Makes 12 large (24 small)

INGREDIENTS:

8oz Unsalted Butter

4oz superfine sugar

10oz all purpose flour

½ teaspoon salt

METHOD:

1. Pre-heat the oven to 320F. Line a baking sheet with parchment paper.

2. Cream the butter and sugar together with a wooden spoon or in a food mixer. Until light and fluffy.

3. Sift in the flour gradually, and mix until the dough comes together.

4. Shape the dough into a sausage like shape, about 1inch in diameter, and cut off slices about .3 inch thick, and place them on the prepared baking tray. Use the back of a fork to slightly flatten them, and to give a ridged effect.

5. Then place the uncooked cookies in a fridge for 15 minutes.
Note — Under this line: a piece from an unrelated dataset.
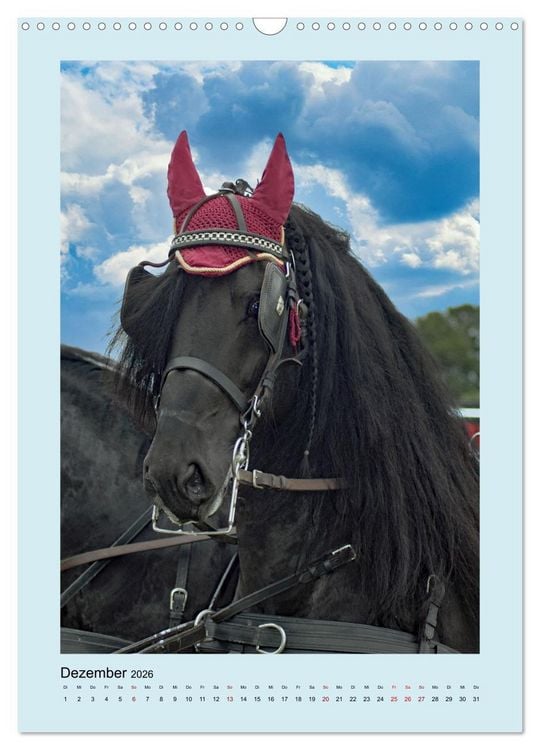 Produktbild: Kutschpferde im Portait (Wandkalender 2026 DIN A3 hoch), CALVENDO Monatskalender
Then after that straight into the pre-heated oven for 15 minutes, or until a light golden colour. Placing them in the fridge will give you a shorter, crunchier texture.

6. Remove from the butter cookies oven and the baking tray and on to a cool rack.

VARIATIONS

ORANGE AND CINNAMON BUTTER COOKIES

Add 2 teaspoons of fresh orange zest and 1 teaspoon of ground cinnamon to the mix.

CHOCOLATE LEMON COOKIES

Add 2 teaspoons of fresh lemon zest to the mix. Once the cookies are baked and cooled, dip half of the cookies in melted dark or milk chocolate and sprinkle 1 teaspoon of lemon zest over the chocolate. Allow to set in a cool place.

FRESH ROSEMARY AND SEA SALT BUTTER COOKIES

Add 2 teaspoons of fresh rosemary, finely chopped to the mix. And sprinkle 1 teaspoon of sea salt over the cookies before you bake them.